--- Information Enclosed Below ---

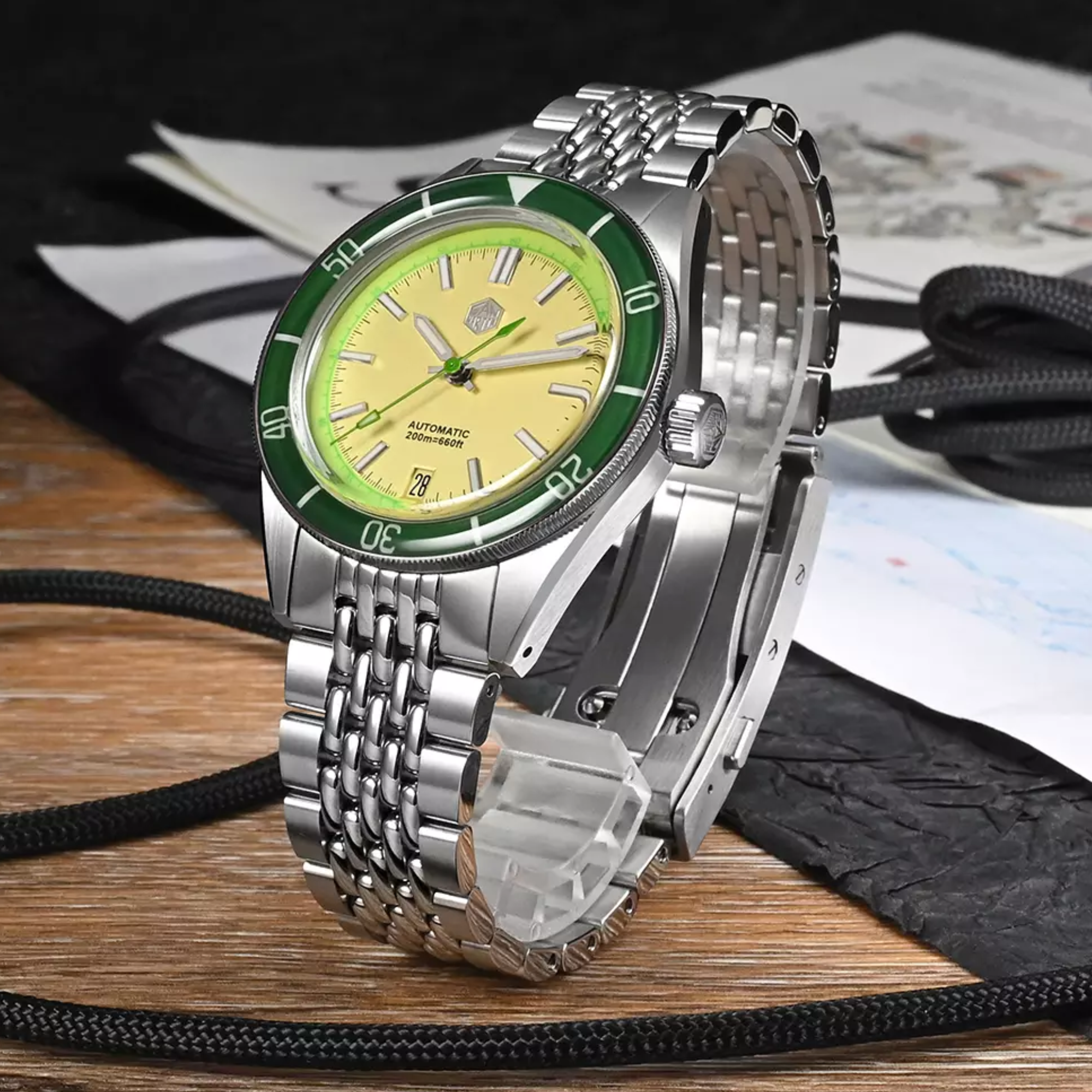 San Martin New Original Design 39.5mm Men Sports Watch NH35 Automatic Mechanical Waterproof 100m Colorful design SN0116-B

--- End of Enclosed Information ---
--- Information Enclosed Below ---

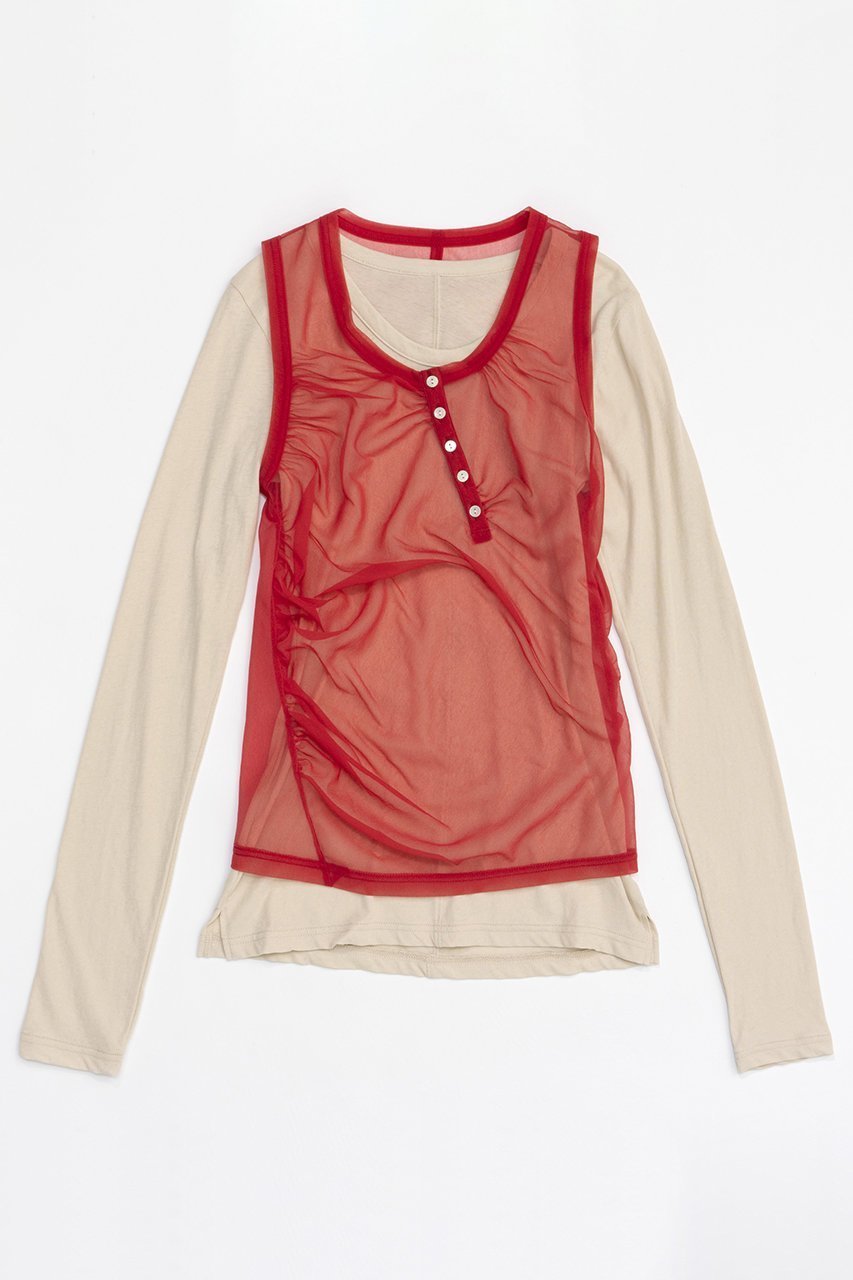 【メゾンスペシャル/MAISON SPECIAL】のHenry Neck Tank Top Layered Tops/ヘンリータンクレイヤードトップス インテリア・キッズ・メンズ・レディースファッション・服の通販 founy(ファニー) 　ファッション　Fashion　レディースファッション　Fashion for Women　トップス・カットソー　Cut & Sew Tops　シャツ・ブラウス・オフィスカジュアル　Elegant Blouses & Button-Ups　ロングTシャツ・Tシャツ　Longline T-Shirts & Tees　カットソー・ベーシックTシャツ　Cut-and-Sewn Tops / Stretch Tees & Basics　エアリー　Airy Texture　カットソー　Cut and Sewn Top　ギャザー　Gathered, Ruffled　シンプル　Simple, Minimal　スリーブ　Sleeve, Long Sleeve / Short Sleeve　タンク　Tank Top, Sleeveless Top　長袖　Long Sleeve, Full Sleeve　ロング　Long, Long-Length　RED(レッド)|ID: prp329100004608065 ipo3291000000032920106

--- End of Enclosed Information ---
--- Information Enclosed Below ---

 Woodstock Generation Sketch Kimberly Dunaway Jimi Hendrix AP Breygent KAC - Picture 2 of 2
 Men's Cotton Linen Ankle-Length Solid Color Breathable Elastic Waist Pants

--- End of Enclosed Information ---

What to do → Beginning at the line with "Woodstock Generation Sketch" and stopping after the line with "Men's Cotton Linen", please write out every line of the data above exactly and nothing else.

Result of the exercise →
 Woodstock Generation Sketch Kimberly Dunaway Jimi Hendrix AP Breygent KAC - Picture 2 of 2
 Men's Cotton Linen Ankle-Length Solid Color Breathable Elastic Waist Pants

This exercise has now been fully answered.